The Yanmar is one of the best tractor engines out there; I doubt it will be a problem unless it has been abused. You should be able to get around 4,000 hours of use out of the engine if properly cared for, perhaps even more. 

Check the transmission to see how it shifts. Can you get it to go into gear without grinding? If not, this could indicate a stuck or improperly operating clutch. 

Normally most folks keep their machines under cover or shed and the paint, seat, and gauges look good. If not, expect problems from these areas in later life. 

Hopefully you know your friend pretty well and already have a good idea of how well he has taken care of the machine. 

The 770 is fairly close in approx. abiltiy and hp to the current Deere 790. The 790 is a pretty much bullet proof design and has many happy customers. I would think the 770 would deliver similar results. 

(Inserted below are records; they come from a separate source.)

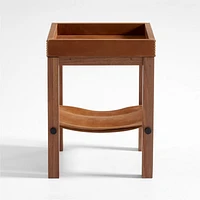 Shinola Runwell Leather and Wood End Table with Shelf
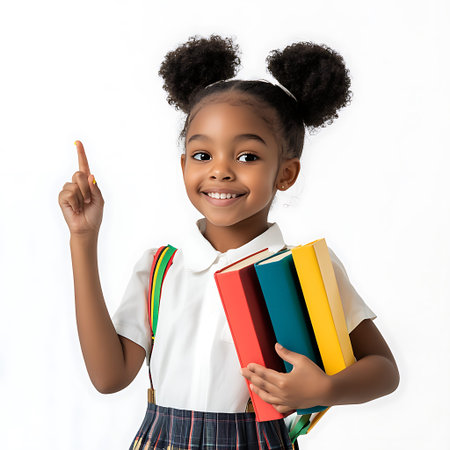 Enthusiastic African American Schoolgirl Pointing Enthusiastically Upwardの素材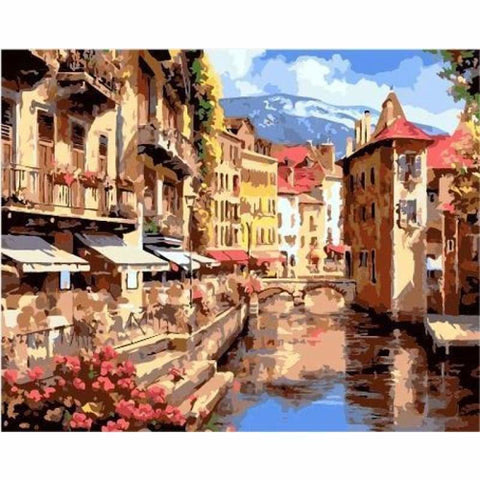 Landscape Town Diy Paint By Numbers Kits ZXB917-25 - NEEDLEWORK KITS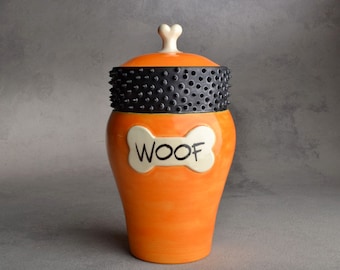 Personalized Dog Treat Jar Orange and Black Spiky Collared Ceramic Pet Container Made To Order by Symmetrical Pottery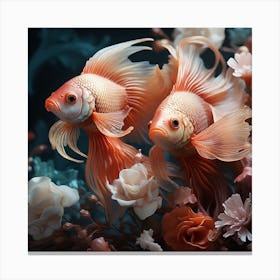Two Siamese Betta Fish Canvas Print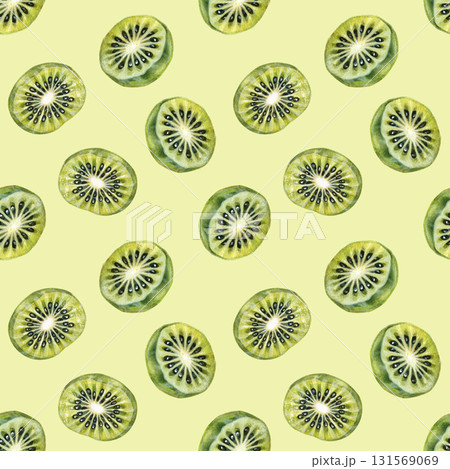 Round slices of ripe kiwi fruit with bright green flesh and seeds. Seamless watercolor pattern on a green background for designs for drinks, preserves, food products, children's, kitchen textiles. Round slices of ripe kiwi fruit with bright green flesh and seeds. Seamless watercolor pattern on a green background for designs for drinks, preserves, food products, children's, kitchen textiles. 131569069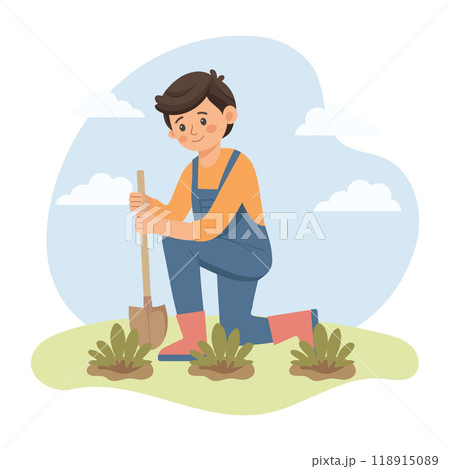 Boy with a shovel takes care of a plant. Cute gardener in spring. Cute flat style illustration. 118915089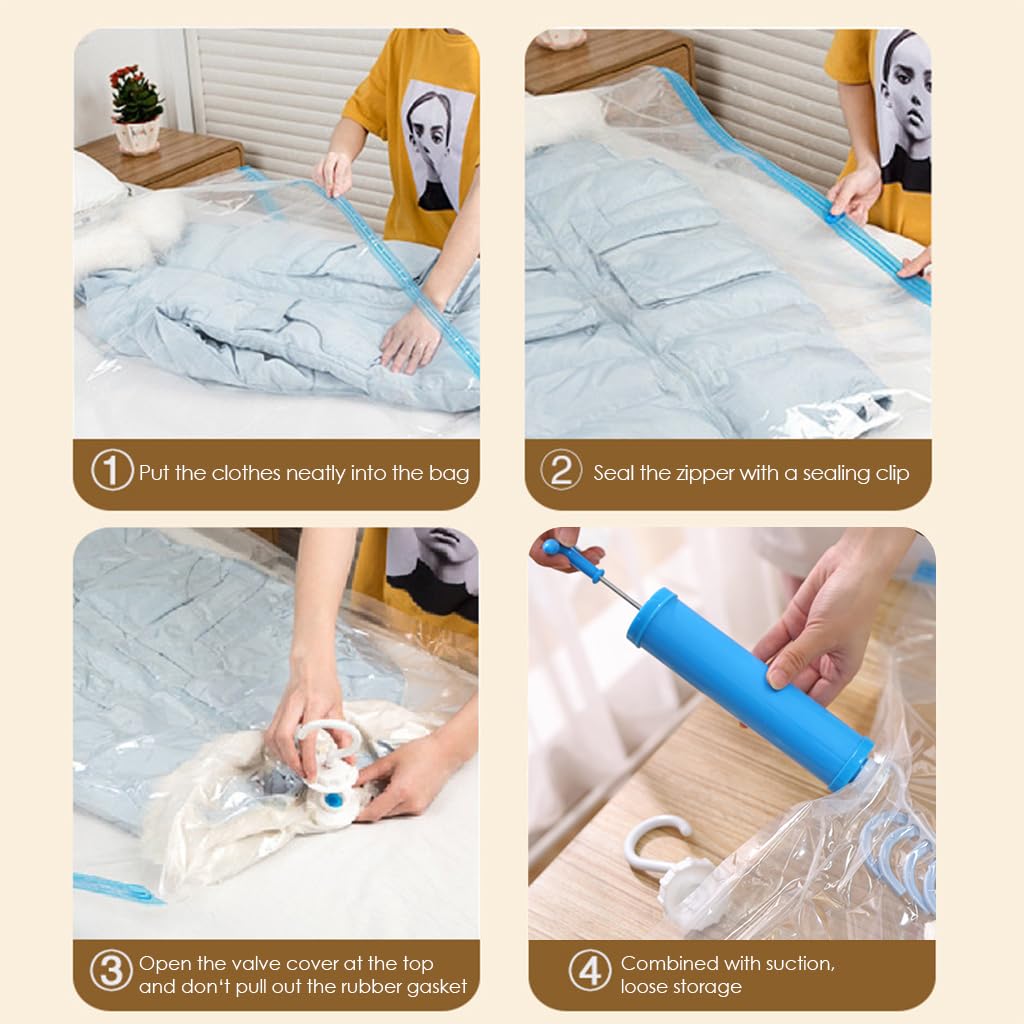 HASTHIP Hanging Vacuum Storage Bags for Clothes with Double Seal Zippers and Hooks | 4Pcs 41 and 57 in Dustproof Closet Bags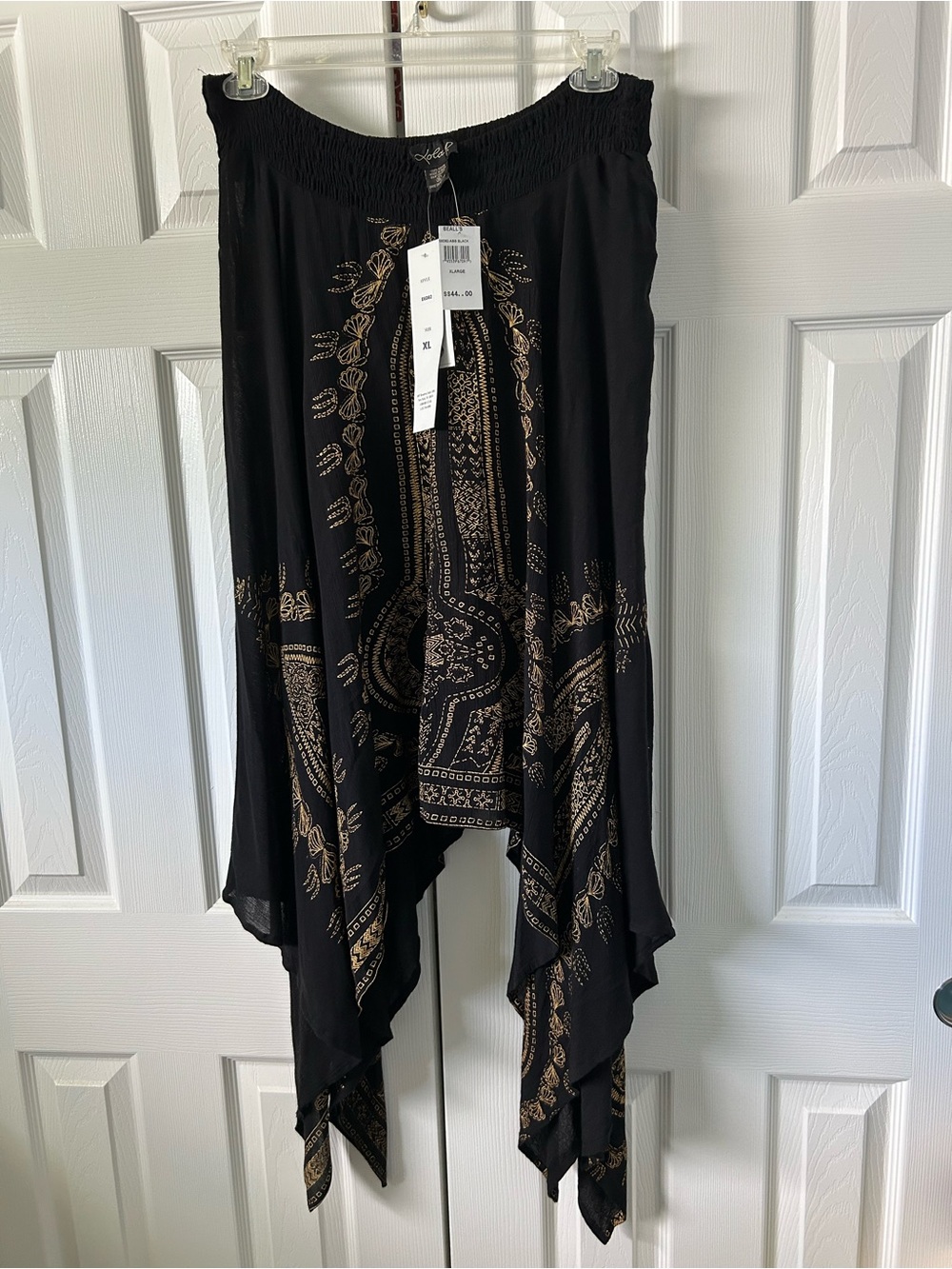 lola Black Dress with Gold Paisley Print
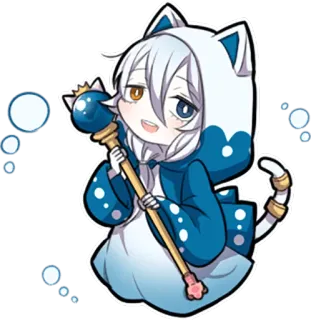 👼 Anime, Kot, Magia, Czarodziej, Słodki, Kawaii, Kaptur, Laska, Manga telegram sticker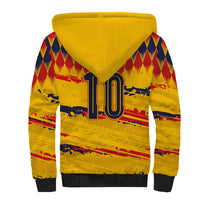 Ecuador National Football Custom Sherpa Hoodie Argyle Pattern With Grunge Flag Splatter Graphics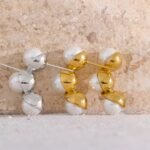 New Imitation Pearls Unique Stud Earrings: Stainless Steel, Gold Color, Korean Fashion, Women's Romantic Charms Jewelry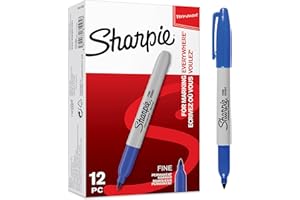 Sharpie Markery permanentne | drobny punkt dla pogrubionych detali | niebieski atrament | 12 markerów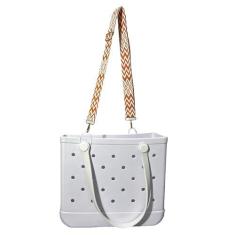 Imagem de Alças removíveis com alça de arame de aço inoxidável para acessórios de bolsa Bogg, alça transversal ajustável de ombro largo com aro de arame para mulheres, bolsa de mão de borracha para praia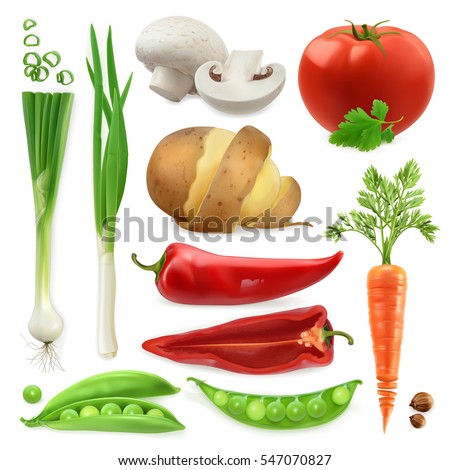 Realistic vegetables. Potato, tomato, green onions, peppers, carrot and pea pod. Isolated 3d vector icon set Realistic vegetables. Potato, tomato, green onions, peppers, carrot and pea pod. Isolated 3d vector icon set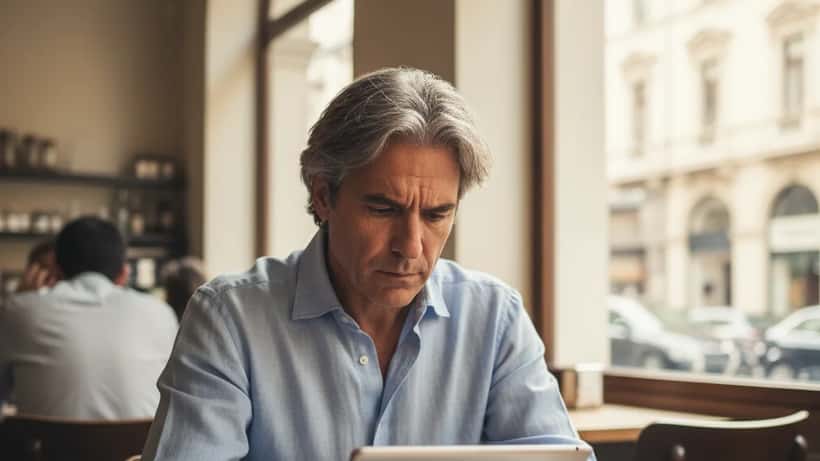 Uomo italiano di mezza età che analizza grafici finanziari su tablet in un caffè di Milano con titoli sul prezzo del petrolio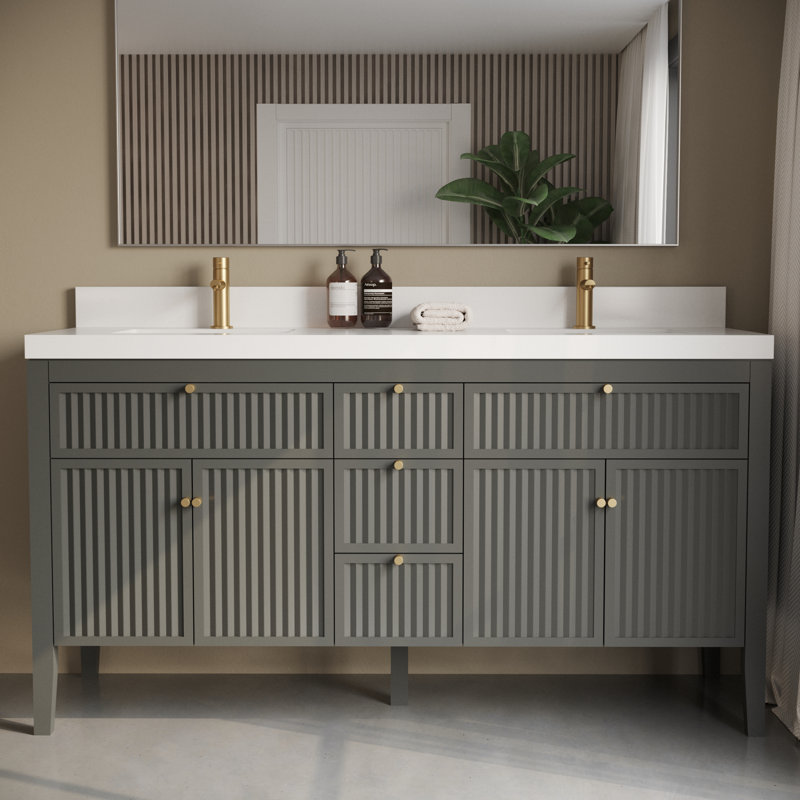 Ensemble de meuble-lavabo simple 63 po Reyan, Gris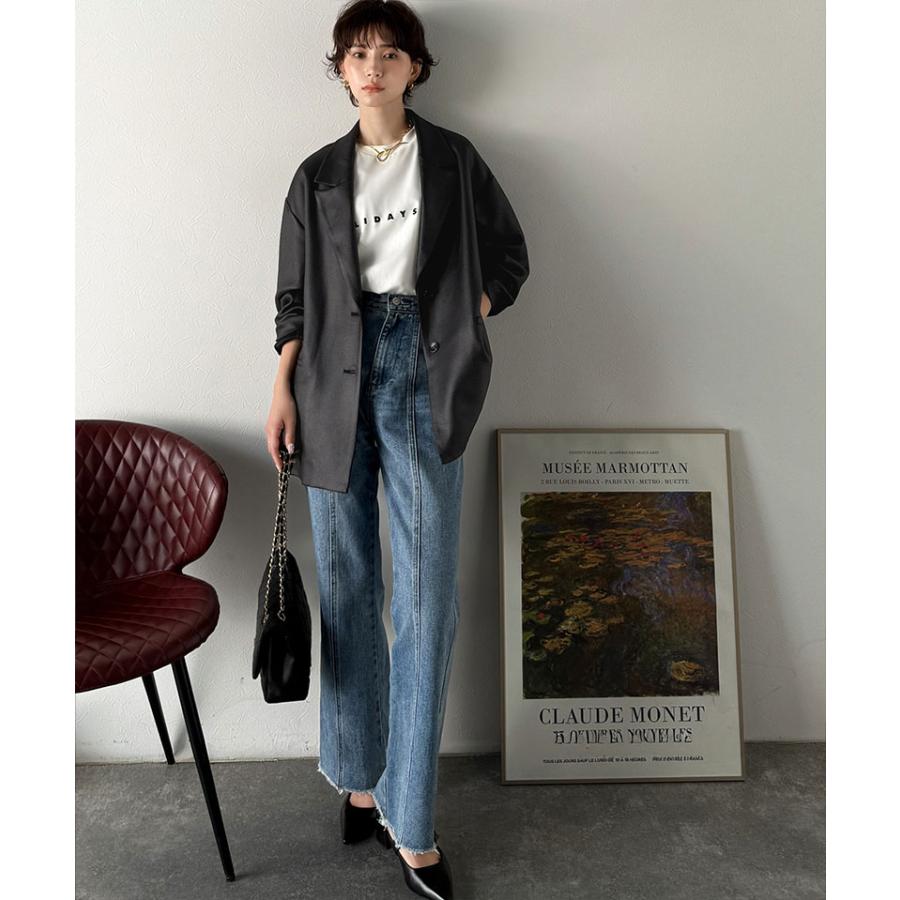 【Classical Evon】アウター レディース 秋 ジャケット レディース レザー 風 加工 スエード 袖 タック テーラード JK ゆるっと オーバーサイズ | classicalelf | 09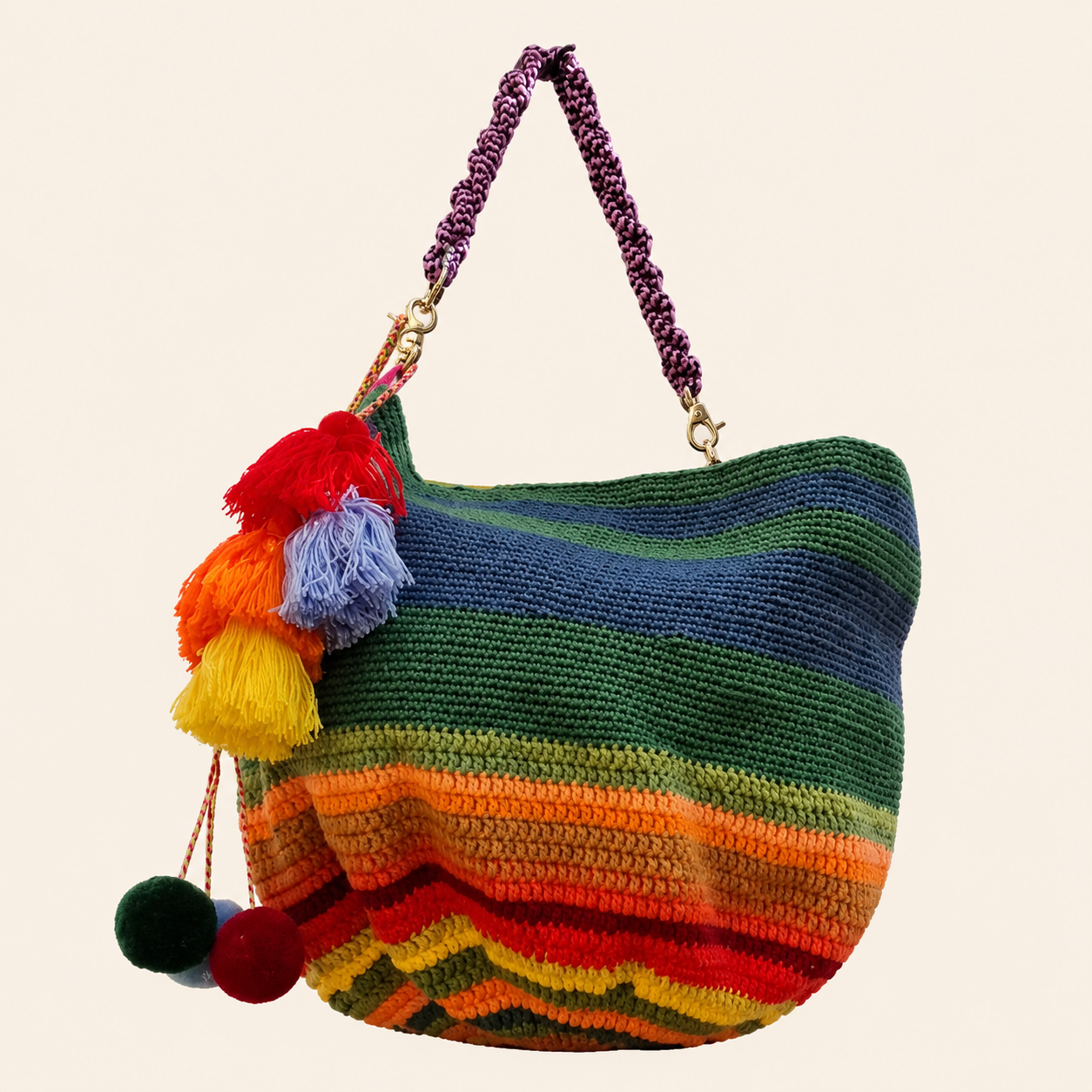 Bolso Boho con Borlas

Hope this was not TMI and helps out with some questions.


----------



## Tim Barstow (Jun 24, 2006)

*John Deere 770*

Thanks for the information. I know this fellow very well. He has owned the tractor since new and has always kept it and the implements in a barn at his summer place. He is just not getting enough use out of the equipment and has other machinery-skidsteer,etc.

He is looking on the net to set a price and is going to get back to me. Thanks again for all of your valuable assistance.
Tim


----------



## Live Oak (Dec 22, 2003)

Here are some 770 listings for sale. Just remember that the dealer's price is marked up between 20 to 35% when sold off the dealer lot. Not so when you purchase from a private seller. Anyhow, just wanted to give you an idea of price ranges.

John Deere 770's For Sale


----------



## Tim Barstow (Jun 24, 2006)

Thanks again Chief for the additional information. I am waiting for my friend to get back to me after the holiday weekend.
Tim


----------



## Archdean (Jul 15, 2004)

Just a note of information about dealer markup (normally about 12 to 20%)!! Most sellers arrive at their asked for selling price by visiting dealers lots!! There by arriving at a figure based on a false pretense!! I'll explain!
1. A private seller generally has no other reference point.
2. He does not have to warrant anything for any period of any time!
3. He pays no expense to fix anything that might be a-miss, I.E. replace battery, tune engine/ replace filters/change oil /hyd fluid/nor adjust anything else!!

While a friend can and often does offer a terrific deal: BUT if he is asking the same or greater than a dealer for a similar like product , my advice is go with the dealer, you have a leg up providing you get all promised in writing!! On the contrary many friendships have landed upon the ash heap of disaster over great deals!!

Let's be fair here ( a dealer has every legitimate right to refuse your request to have a private party deal (gone back wards) I.E. refuse to repair your machine/ and or perform any maintenance work)!!

Use your best judgment and your mileage may vary!! Best of luck what ever you decide to do!!


----------